Fils d'un ouvrier, et d'une femme de ménage, son parcours scolaire est très atypique, à l'aune de ce qui se pratique dans sa famille. Il fait partie des rares qui échappent, mais pas complètement, à la sélection liée, non aux mérites et aux capacités, mais à l'origine sociale. Et l'auteur insiste sur le fait que cette sélection n'est pas réservée aux années collège et lycée. Une fois passé le Rubicon du baccalauréat, les filières efficaces sont l'apanage d'une élite informée, qui n'ira pas perdre son temps sur les bancs d'une université qui n'est une aporie.

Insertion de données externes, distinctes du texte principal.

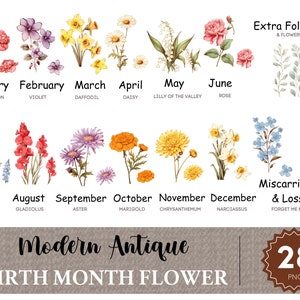 Birth Month Flower Clipart, Birth Flower PNG, Antique Floral PNG, Personalized Flower Bouquet Graphic, Birthday Flower, Floral Botanical PNG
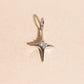 North Star Crystal Necklace Charm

Cette situation hors norme au sein de sa famille le conduit à un rejet, et ce d'autant qu'il est homosexuel, ce qui est une infamie pour ses parents, et l'on imagine la jeunesse de l'auteur visé et atteint à chaque plaisanterie ou insulte à l'égard de « gens comme lui ».

Un parcours douloureux donc, et un ressenti qui n'est pas sans rappeler ce qu'Annie Ernaux a pu partager dans ses écrits, auteur d'ailleurs citée à plusieurs reprises.

On retrouve aussi ce sentiment d'équilibre instable entre deux mondes, volontairement à l'écart de sa famille, mais avec l'impression tenace de ne pas être accepté dans son nouvel environnement, qui pourtant le comble dans son désir de connaissances. C'est la même chose pour ceux dont la famille a du quitter ses terres d'origine, et qui deviennent étrangers à vie que ce soit sur la terre d'accueil ou sur celle qu'ils ont quittée.

Double question de l'identité sociale et sexuelle, sur le modèle d'une auto-analyse sincère.